Marat Safin, tra i più grandi talenti del nuovo millennio
Marat Safin (di cui abbiamo già parlato) è riconosciuto come uno dei più grandi talenti del nuovo millennio e mai del tutto sbocciato, nonostante due Slam e la vetta della classifica mondiale. Gli piaceva il tennis, meno allenarsi e rinunciare ad altri piaceri della vita. Quando però il russo era concentrato sul campo, non temeva nessuno, neanche Federer, sconfitto in una storica semifinale agli Australian Open del 2005 (torneo poi vinto ai danni del bistrattato Hewitt).
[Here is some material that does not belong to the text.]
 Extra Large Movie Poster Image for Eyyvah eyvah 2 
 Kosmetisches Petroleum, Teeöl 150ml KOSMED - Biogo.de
Eppure come ha avuto modo di dire lo stesso Marat:
Sapete quante volte alla settimana mi sento ripetere: “Avresti dovuto vincere di più”? Ma io me frego. Sono stato numero uno del mondo, fra i top-5 per cinque anni, ho vinto due Slam, due Coppe Davis. Se avessi avuto una testa diversa forse non ci sarei mai riuscito.”
Anche per Safin, inoltre, persiste l’attenuante degli infortuni, un motivo che non torna per caso, ma è figlio di anni in cui la preparazione fisica stava facendo il salto di qualità definitivo che ha introdotto l’atletismo estremo che contraddistingue i tennisti attuali ma non era ancora stata perfezionata, esponendo gli atleti ad incidenti di percorso e valutazioni errate.
Dodici minuti di highlights sono anche pochi, fidatevi
Riflessioni finali su Haas la sua generazione
Con il ritiro di Haas, dunque, il tennis archivia questa generazione di giocatori del quale si preferisce sottolineare il non essere fuoriclasse assoluti piuttosto che evidenziarne il contributo apportato al tennis, assolutamente minore rispetto a quello dei vari Sampras, Nadal e Federer (loro coetaneo anagraficamente ma non storicamente). Ma, comunque, non per questo poco dignitoso.